======== Records for the task

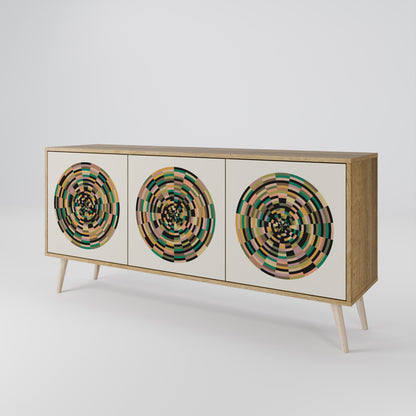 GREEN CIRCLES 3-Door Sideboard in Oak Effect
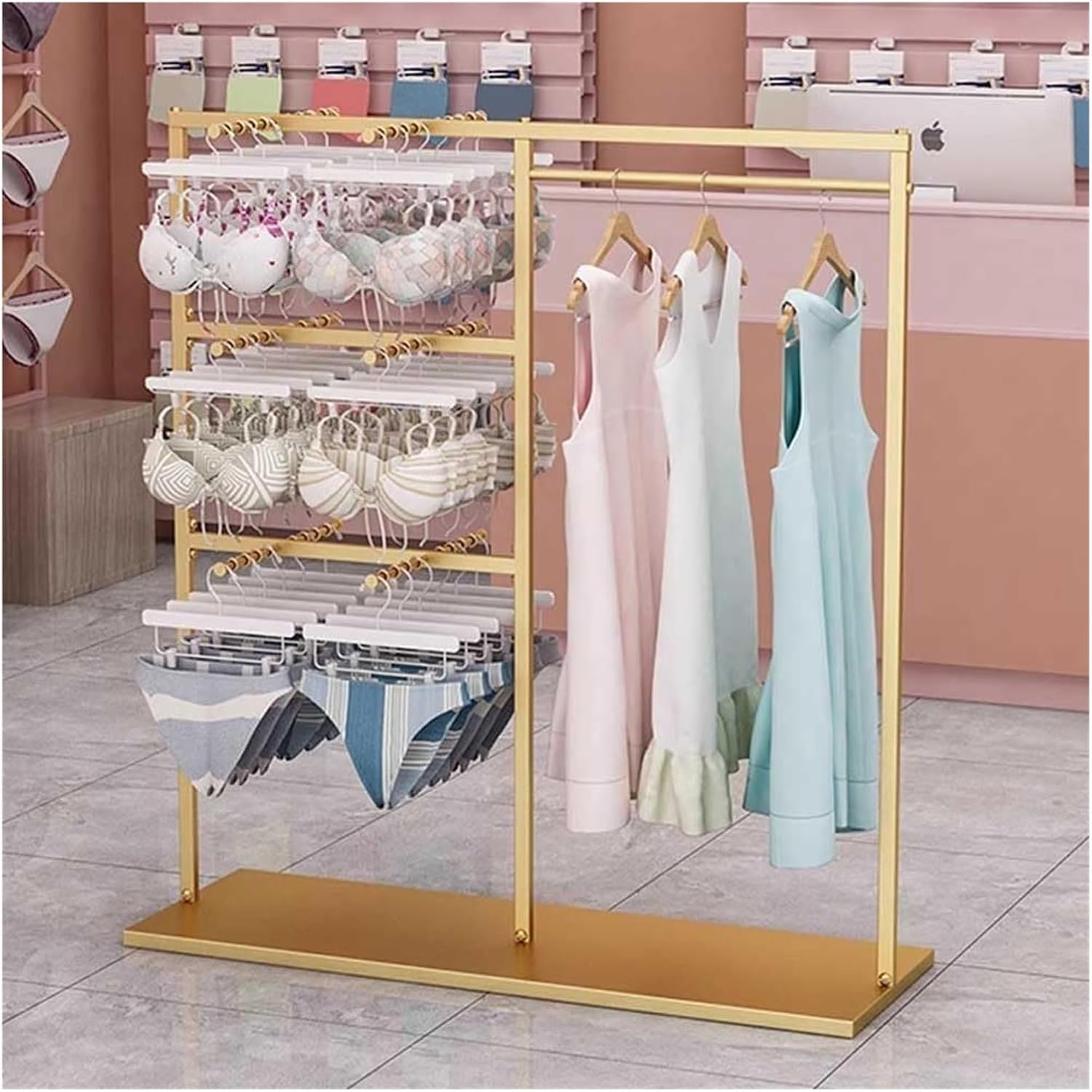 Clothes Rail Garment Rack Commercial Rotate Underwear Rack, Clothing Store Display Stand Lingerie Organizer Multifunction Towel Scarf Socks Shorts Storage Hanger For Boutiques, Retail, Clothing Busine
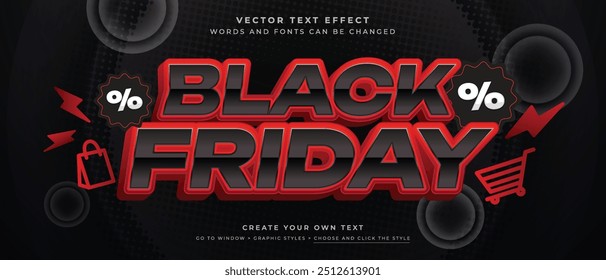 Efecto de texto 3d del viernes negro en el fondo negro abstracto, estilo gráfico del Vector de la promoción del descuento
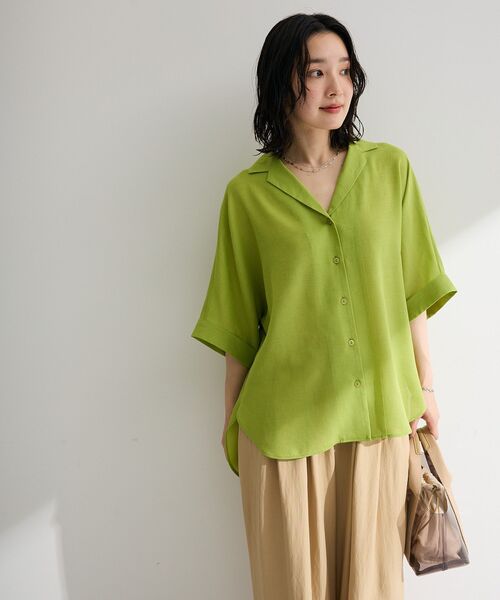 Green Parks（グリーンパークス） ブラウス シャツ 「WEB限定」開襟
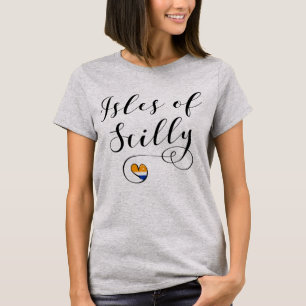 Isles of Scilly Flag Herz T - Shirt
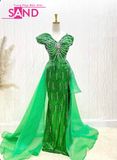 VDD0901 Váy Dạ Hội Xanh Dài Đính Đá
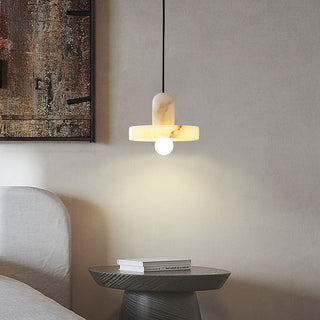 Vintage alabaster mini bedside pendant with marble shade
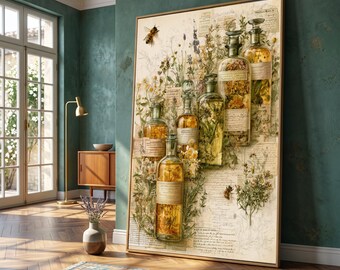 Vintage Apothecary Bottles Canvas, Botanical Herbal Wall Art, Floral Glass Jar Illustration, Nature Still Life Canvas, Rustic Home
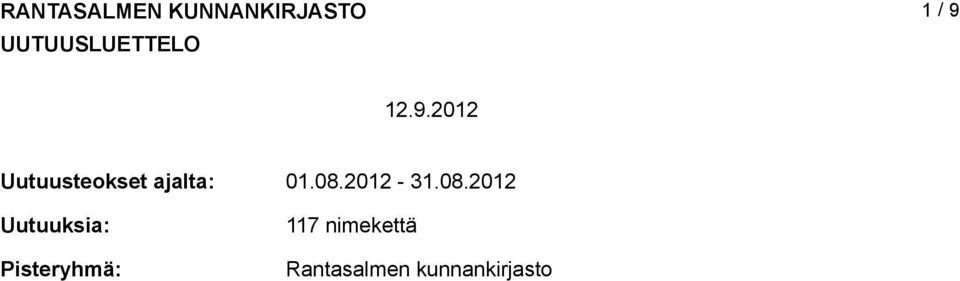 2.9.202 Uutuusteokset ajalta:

================
======== Records for the task

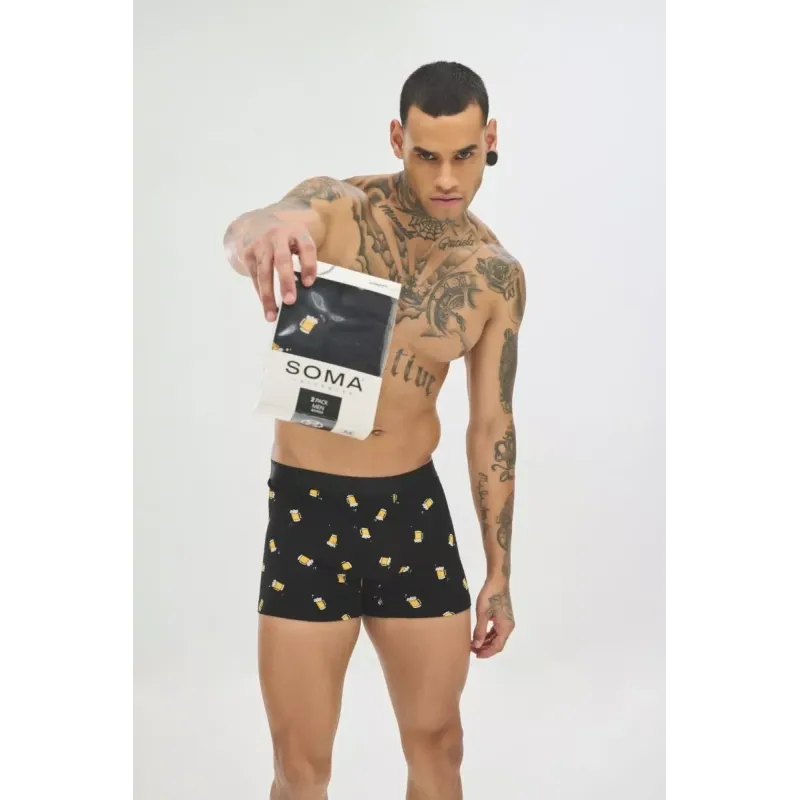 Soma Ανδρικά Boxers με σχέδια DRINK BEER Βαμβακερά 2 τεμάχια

================

Look back over the records above. Reproduce exactly everything from the line with "GREEN CIRCLES 3-Door Sideboard in Oak Effect" down to the line with "Clothes Rail Garment", inclusive, and leave the pictures out.

Exercise solution
 GREEN CIRCLES 3-Door Sideboard in Oak Effect
 Clothes Rail Garment Rack Commercial Rotate Underwear Rack, Clothing Store Display Stand Lingerie Organizer Multifunction Towel Scarf Socks Shorts Storage Hanger For Boutiques, Retail, Clothing Busine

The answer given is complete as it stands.